Regarding Wickard v. Filburn (Wickard), that’s when FDR’s state sovereignty-ignoring activist justices scandalously started the political nullification of 10th Amendment (10A)-protected state sovereignty, including effectively nullifying the unique Article V power of the states to amend the Constitution.
More specifically, using inappropriate terms like “concept” and “implicit,” here is what was left of 10A by FDR’s activist justices in Wickard after the last of state sovereignty-respecting majority justices had appropriately emphasized that amendment in United States v. Butler.
"10th Amendment: The powers not delegated to the United States by the Constitution, nor prohibited by it to the States, are reserved to the States respectively, or to the people."
”From the accepted doctrine that the United States is a government of delegated powers, it follows that those not expressly granted, or reasonably to be implied from such as are conferred, are reserved to the states, or to the people. To forestall any suggestion to the contrary, the Tenth Amendment was adopted. The same proposition, otherwise stated, is that powers not granted are prohibited [emphasis added].” —United States v. Butler, 1936.
"In discussion and decision, the point of reference, instead of being what was "necessary and proper" to the exercise by Congress of its granted power, was often some concept [???] of sovereignty thought to be implicit [??? emphases added] in the status of statehood." —Wickard v. Filburn, 1942.
Ongoing abuse of their 17A power by ordinary voters sending crooks to DC has really finished off 10A and Article V imo.
Think of this political mayhem as crooks following the money, following the unconstitutional federal taxes, taxes that corrupt Congress cannot justify under its constitutional Article I, Section 8-limited powers.

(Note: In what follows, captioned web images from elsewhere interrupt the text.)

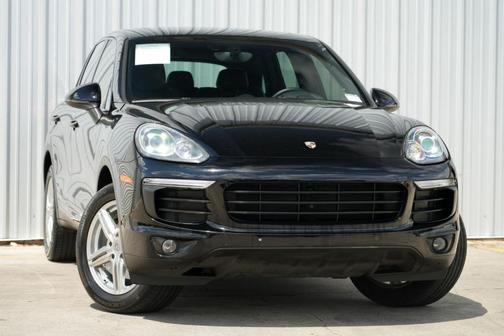 2016 Porsche Cayenne Base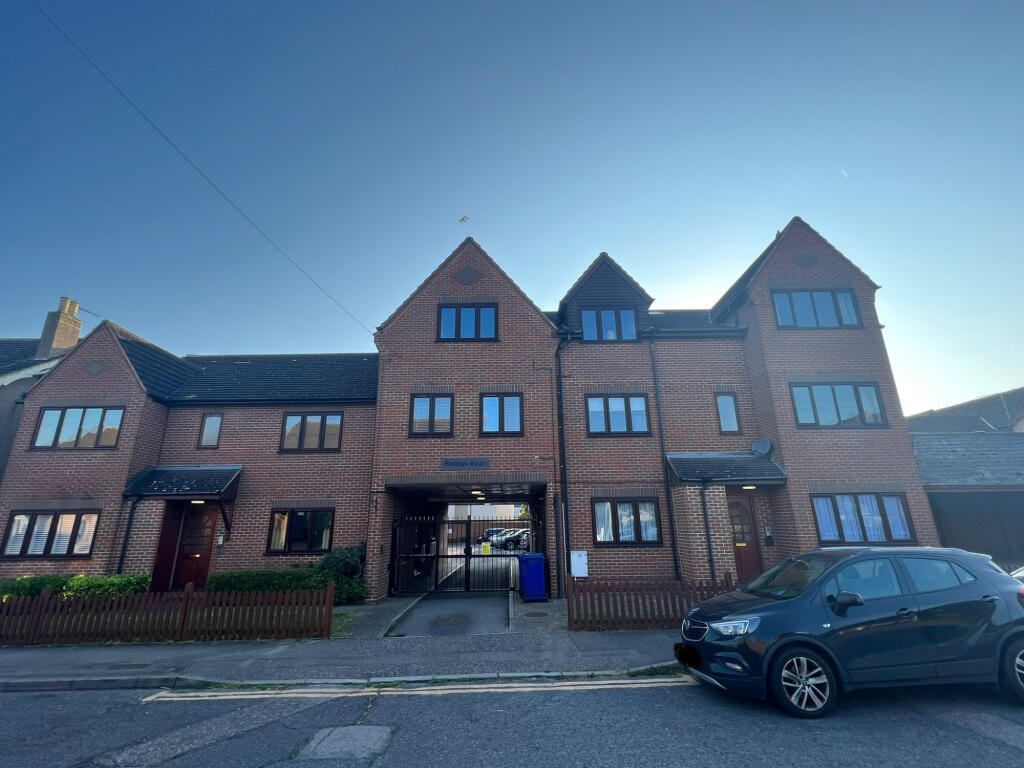 Main image of property: Rosslyn Court, Runnymede Road, Essex, SS17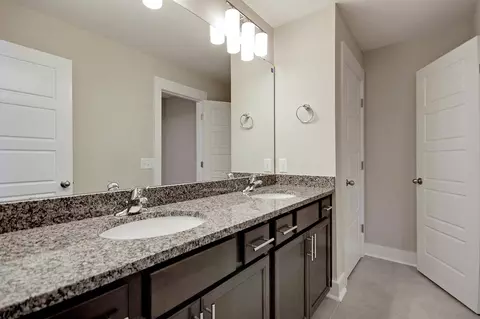 Bath - 219 Creek Pointe Dr, Moncks Corner, SC 29461 photo 5 of 12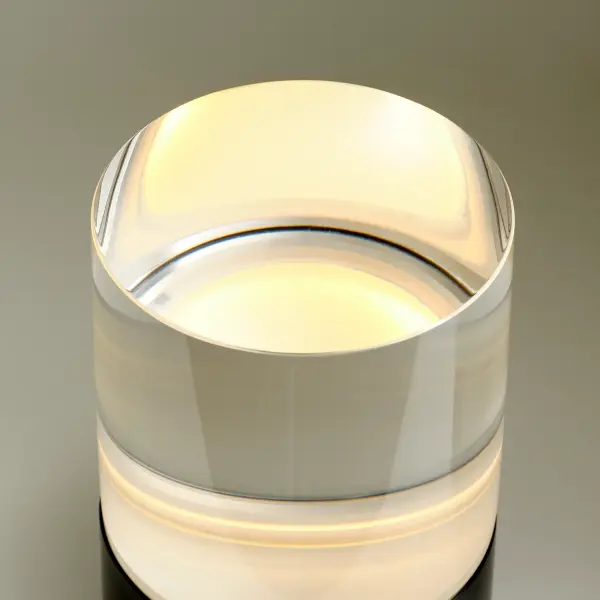 Elegant Rechargeable Table Lamp with Warm, High-Quality Light - Image 18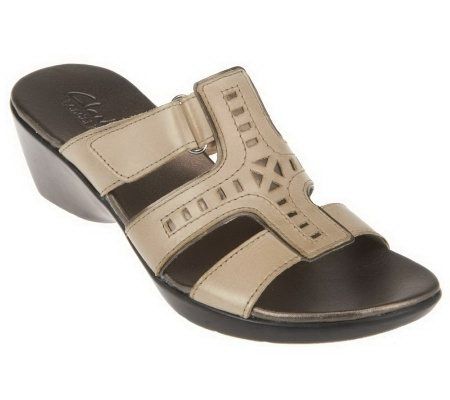 Clarks Bendables Ella Celtic Leather Sandal w/ Triple Strap - A221136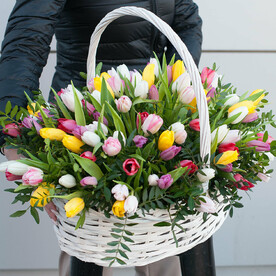 Яркая цветочная композиция из весенних цветов "Корзина тюльпанов"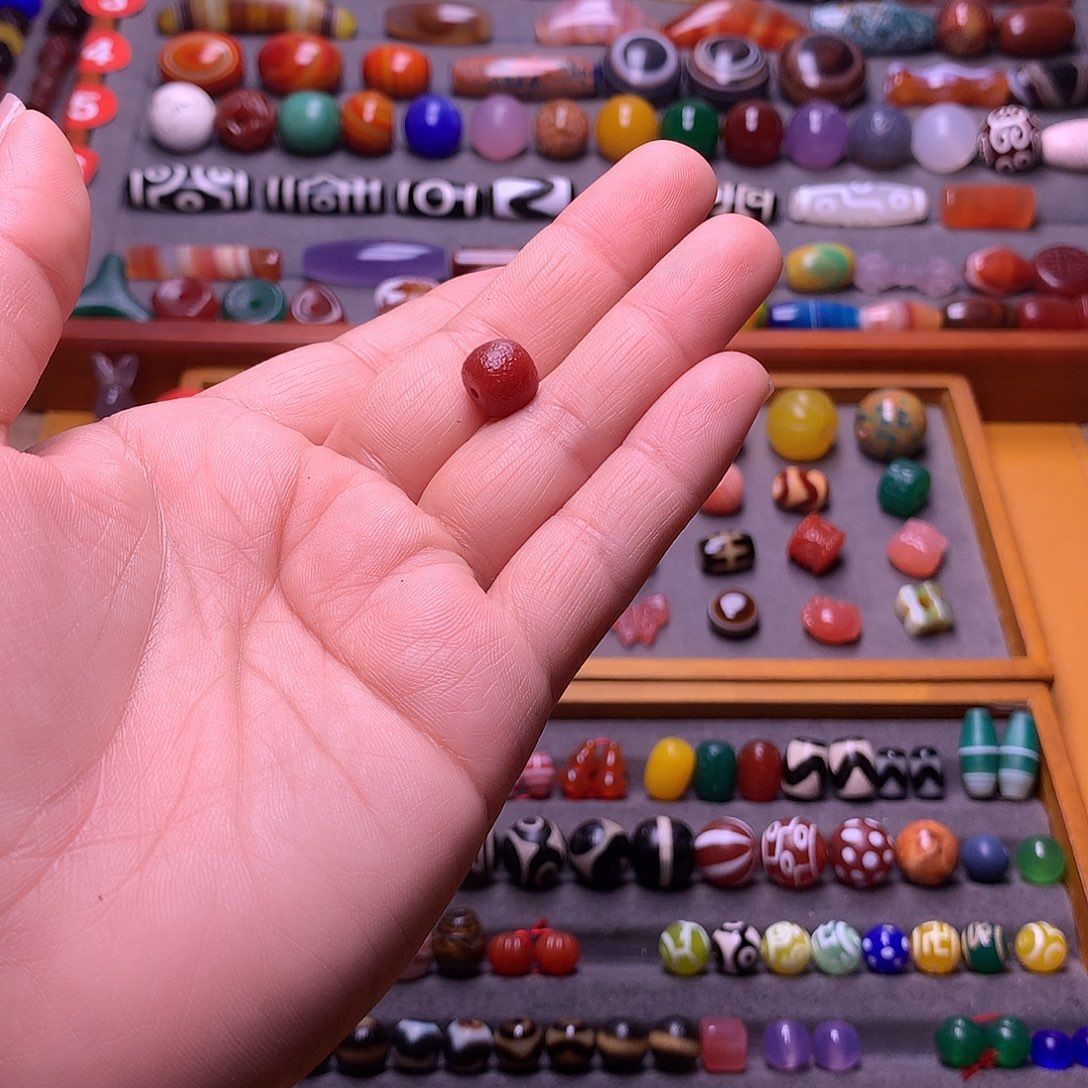 桃***花玛瑙/玉髓未镶嵌颈饰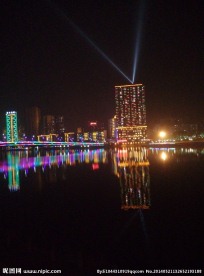 简阳沱江河畔夜景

"Congress is not empowered to tax for those purposes which are within the exclusive province of the States." —Justice John Marshall, Gibbons v. Ogden, 1824.
Insights welcome.
Wickarrd v. Filburn is interesting in part because its logic does not match the facts.
If farmer Filburn had not threshed the excess wheat, he would not have been liable for the paltry tax, but his use of the unthresehd wheat for his own livestock would have had the same interstate effect that the illogical court used to justify its conclusion.

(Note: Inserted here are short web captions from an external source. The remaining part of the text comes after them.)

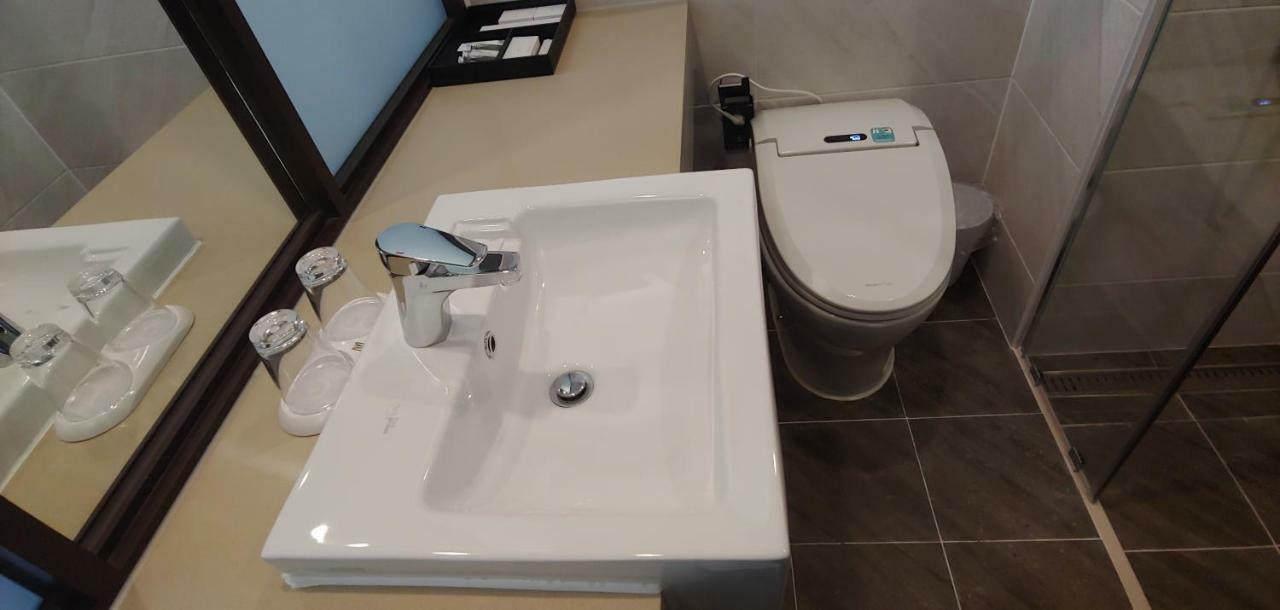Western Bay Marina Hotel Pyeongtaek Dış mekan fotoğraf
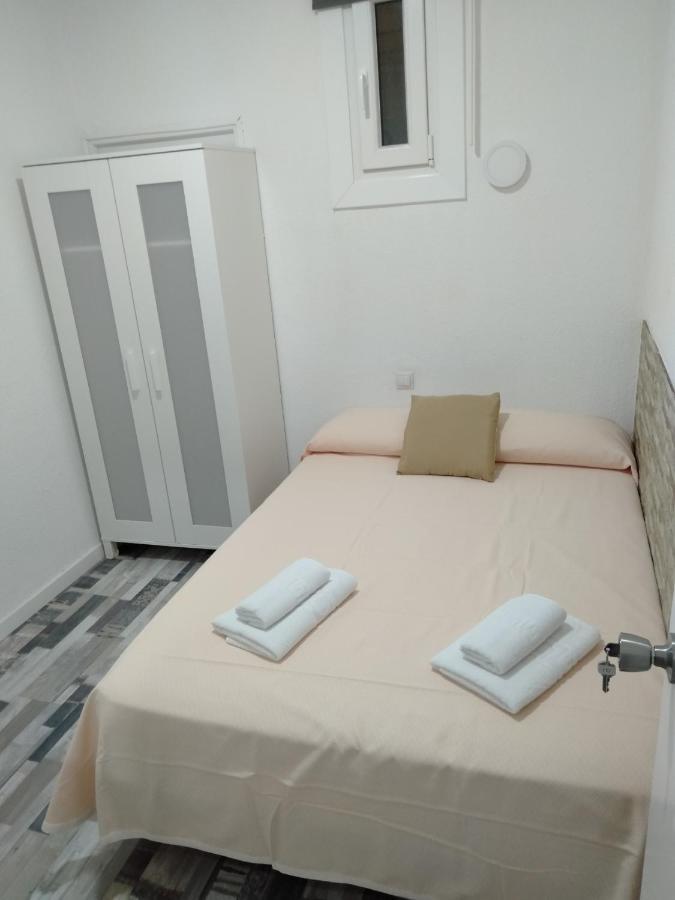 Hostal Noche Y Dia Madrid Exterior photo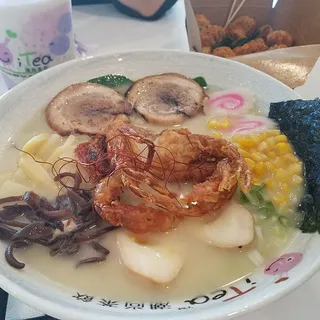 Y27. Crab Tonkotsu Ramen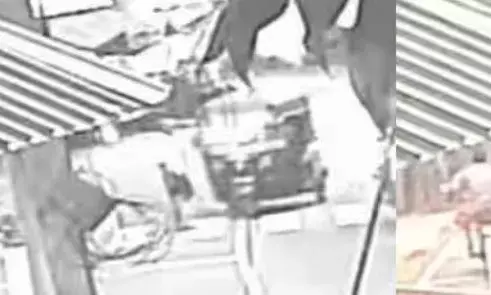 സീബ്രാ ലൈൻ മുറിച്ച് കടക്കവെ അപകടം; അമിത വേഗതയിലെത്തിയ ഓട്ടോറിക്ഷ വയോധികനെ ഇടിച്ചുതെറിപ്പിച്ചു; മുഖത്ത് പരിക്ക്; സംഭവം തിരുവനന്തപുരത്ത്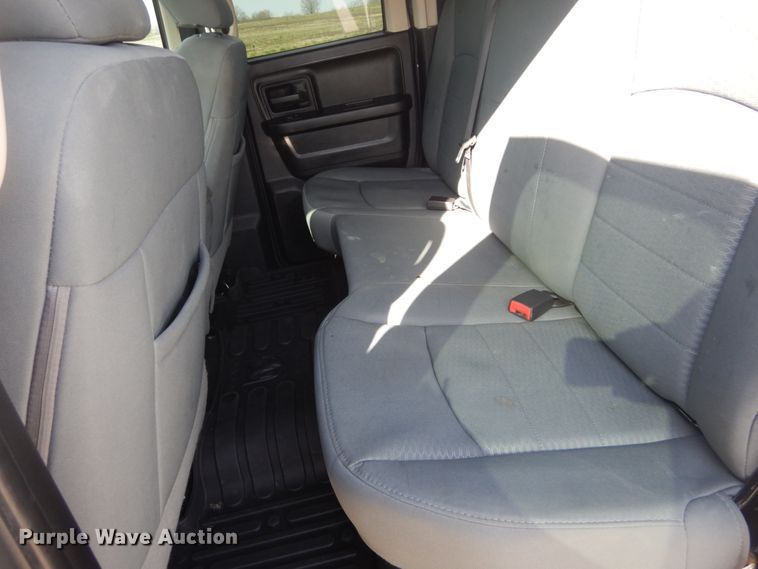 image for item IY9525 2014 Dodge Ram 1500  Quad Cab pickup truck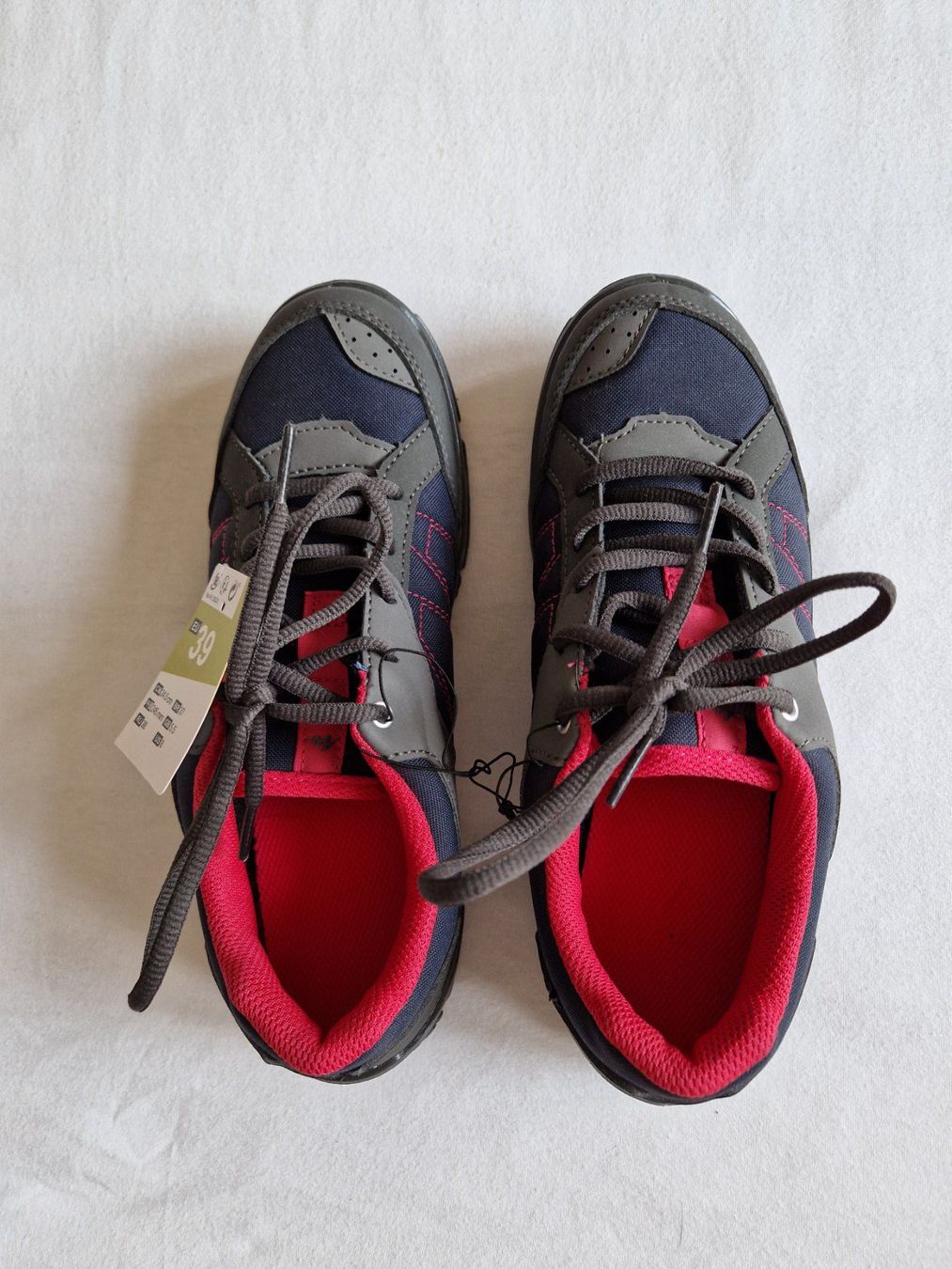 Decathlon Scarpe da donna: Quechua Wanderschuhe Gr. 37, neu mit Etikett – Nuovo e nell'imballaggio originale da Kyburg venduto da zei_z76d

It wasn’t growing and consuming the wheat that triggered the tax - but it was growing and consuming the wheat that triggered the “interstate effect” that the decision depends on.

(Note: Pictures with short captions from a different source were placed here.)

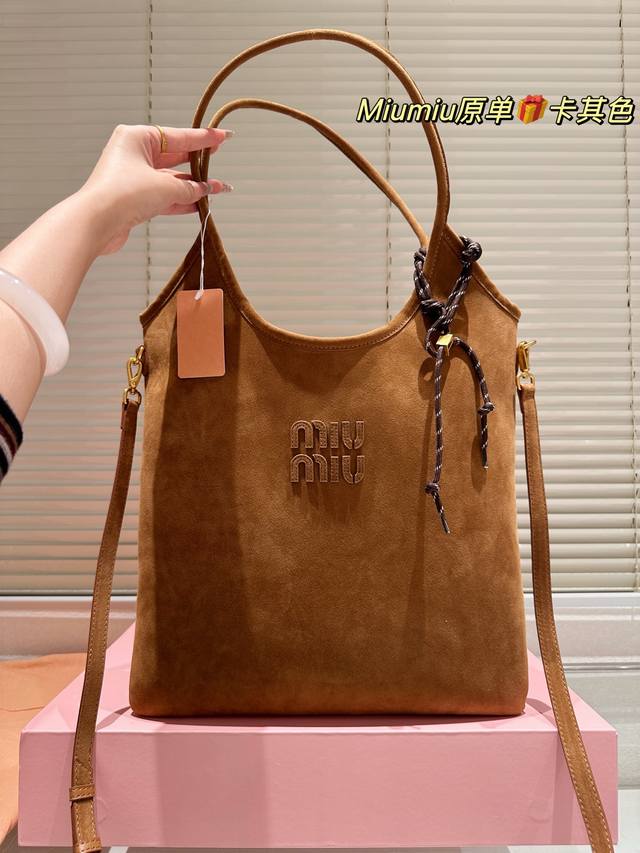 复刻版 麂皮 Miumiu限定款托特包 简单又好看 Miumiu而且超级实用, #Miumiu新款包包 尺寸35 30Cm 复刻版 麂皮 Miumiu限定款托特包 简单又好看 Miumiu而且超级实用, #Miumiu新款包包 尺寸35 30Cm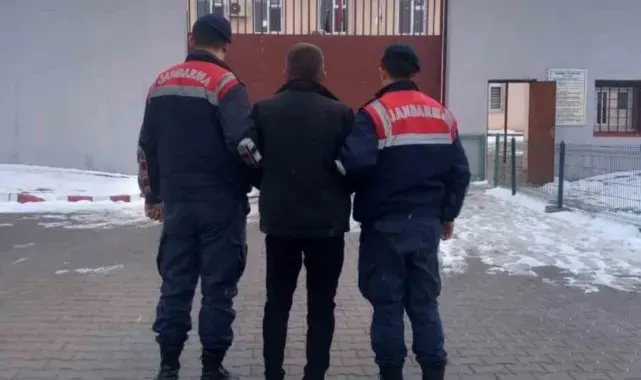 Kırıkkale'de yakalanan 2 firari hükümlü cezaevine teslim edildi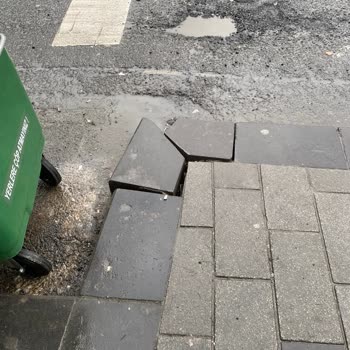Şişli Mecidiyeköy Kaldırım Düzenlemesinde Özensiz İşçilik Ve Su Birikintileri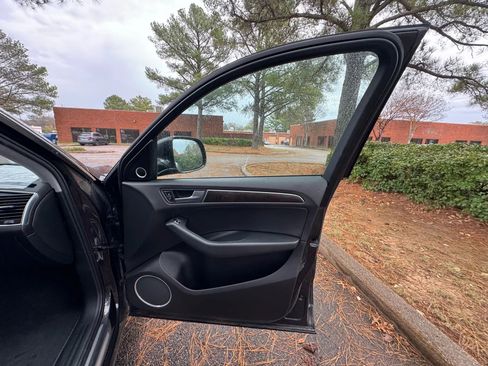 Used 2016 Audi Q5 2.0T Premium Plus w/ Technology Package image 25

Court is a body of whim at this point. It hallucinates too. Lawyers study this illogic and apply it to current cases.
As an academic point, sure. But voting has no effect on the court. The justices do what they will, and have convinced themselves it is the right thing to do. They make up whatever to call all conclusions "constitutional."
The presence of dissenting opinions makes it obvious that there is serious disagreement as to the constitutionality of many decisions, but "it is what it is," and Don;t expect the people have the balls to even offer meaningful civil disobedience.